Activity 1: Open Societal Challenges

Purpose

To enhance the impact of our research we will help interdisciplinary teams to focus on key societal challenges. We recognise that the COVID-19 pandemic has changed working practices and it will be harder for new collaborations to form. Therefore, we need to create new mechanisms for people to find each other, exchange ideas, form teams and work with external partners.

We will strengthen our collaborations across the four nations of the UK to maximise the benefit of our unique reach.

Outcomes

We will set targets for:

  • The number of new societal challenges proposed over the Learn and Live strategy period.
  • The number of detailed project plans for new challenges.
  • Increases in donation and/or research funding secured for challenges.

We will secure intellectual property for the online technology platform to enable licensing outside of the OU.

We will ask panels drawn from staff, students, alumni and external partners to undertake periodic detailed reviews of our societal impact supported by qualitative and quantitative methods.

Mechanisms

Invite staff and students to propose societal challenges that address problems and create opportunities in environmental sustainability, tackling inequalities and helping everyone to live well.

During our consultation we had over 1800 ideas from across the OU for future challenges we should address.

Building on this exceptional engagement, we will hold regular events to explore challenge areas, drawing on experiences from within the OU and from external collaborators. We will publicly announce our intention to help solve key societal challenges and promote participatory action research.

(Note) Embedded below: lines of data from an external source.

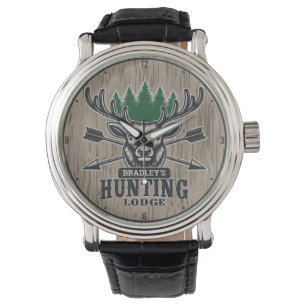 Personlig Hjort Elk Hunter Bow Hunting Lodge Armbandsur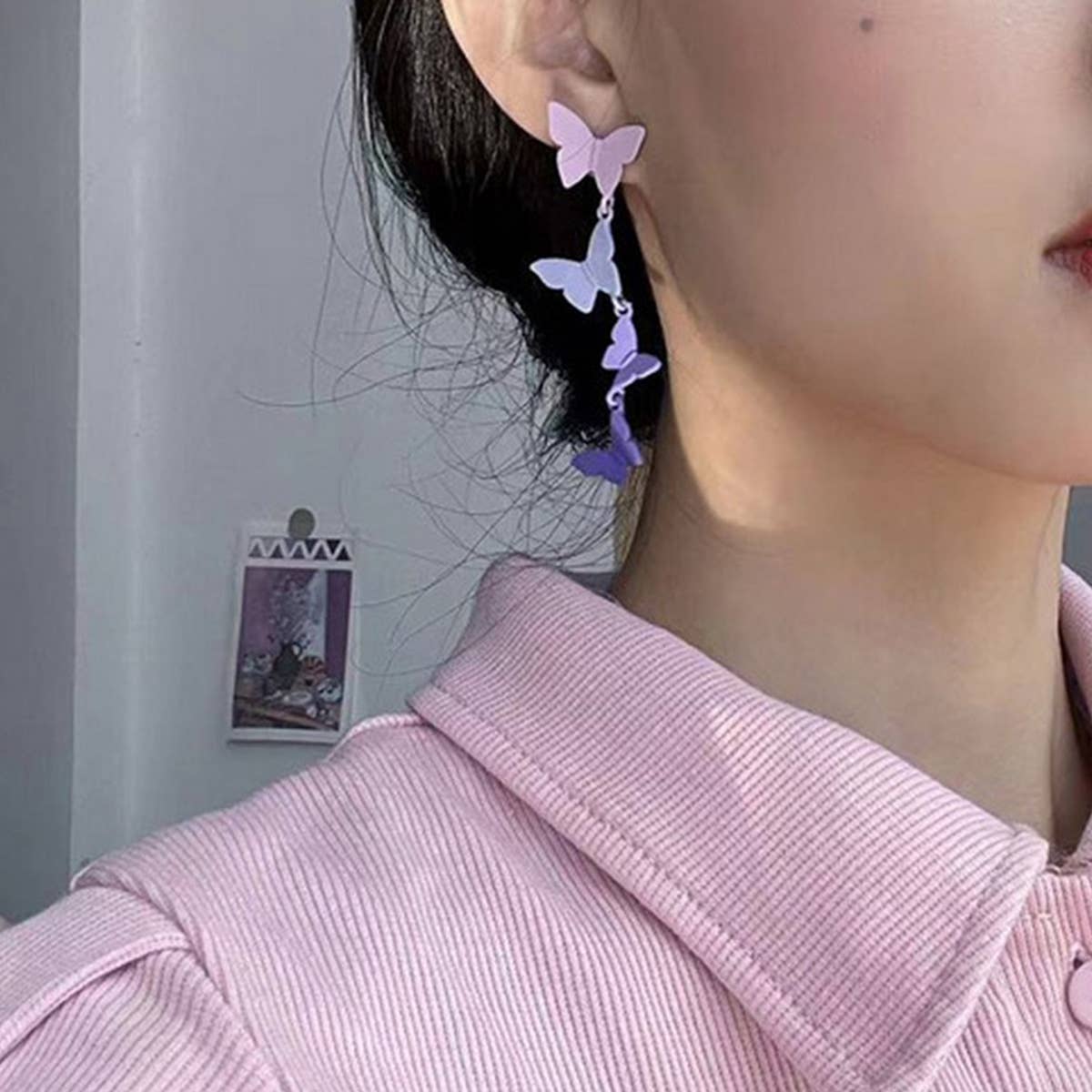 GRADIENT PURPLE BUTTERFLY DREAM EARRINGS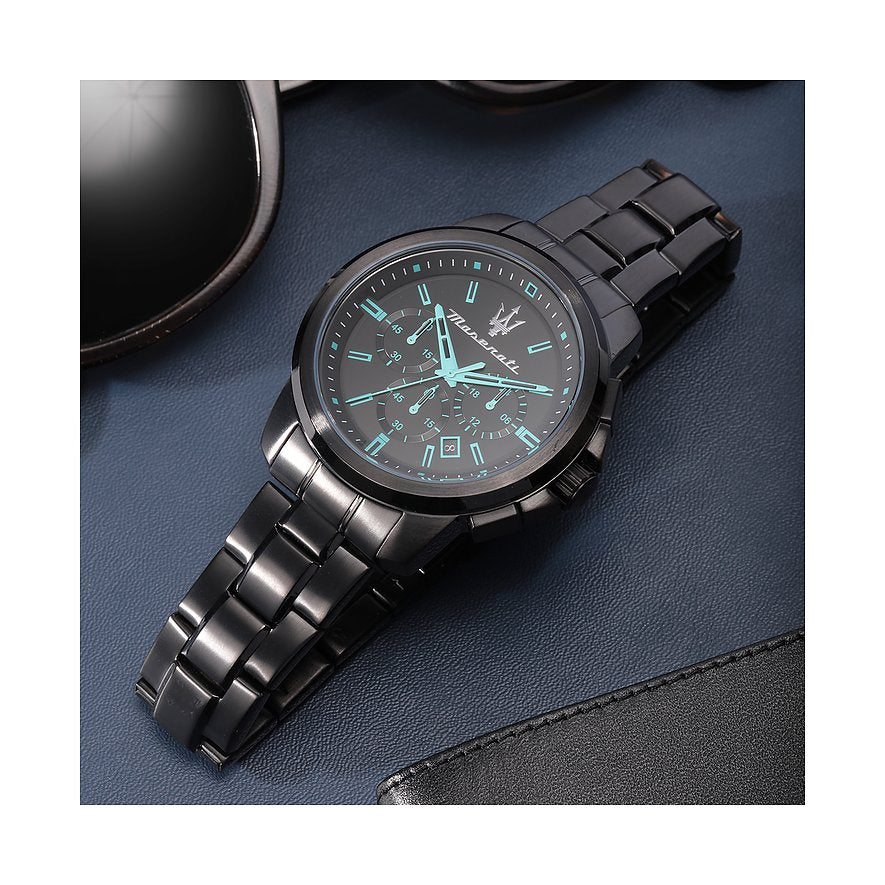  Shop Authentic Maserati Aqua Edition Quartz Precision Chronograph Black Dial Watch For Men - R8873644003 - Luxxuri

We will actively encourage students and staff from all job families to propose future challenges. We will open the challenge process to external contributions once the concept has been piloted within the University.

Resources will be invested to enable new teams to develop their approaches and established teams to mature their ideas.

Using feedback from societal challenge panels drawn from across our student and staff bodies, and including external stakeholders, we will prioritise time and financial investment in challenge areas where the OU has an opportunity to make a unique contribution.

Investments will be tailored to specific needs of each project. Early-stage projects will require support to validate challenges and build teams. Later stage projects will require pump-prime funding to attract external investment or partnerships.

We will create project plans that set out realistic pathways to impact.

Create a new online collaboration technology platform. 

Drawing on OU expertise we will create a new online tool to allow people to publicise their societal challenges, fill gaps in their expertise and find external partners. We envisage this tool being made available for groups outside of the OU to use if this new model for stimulating collaboration is successful.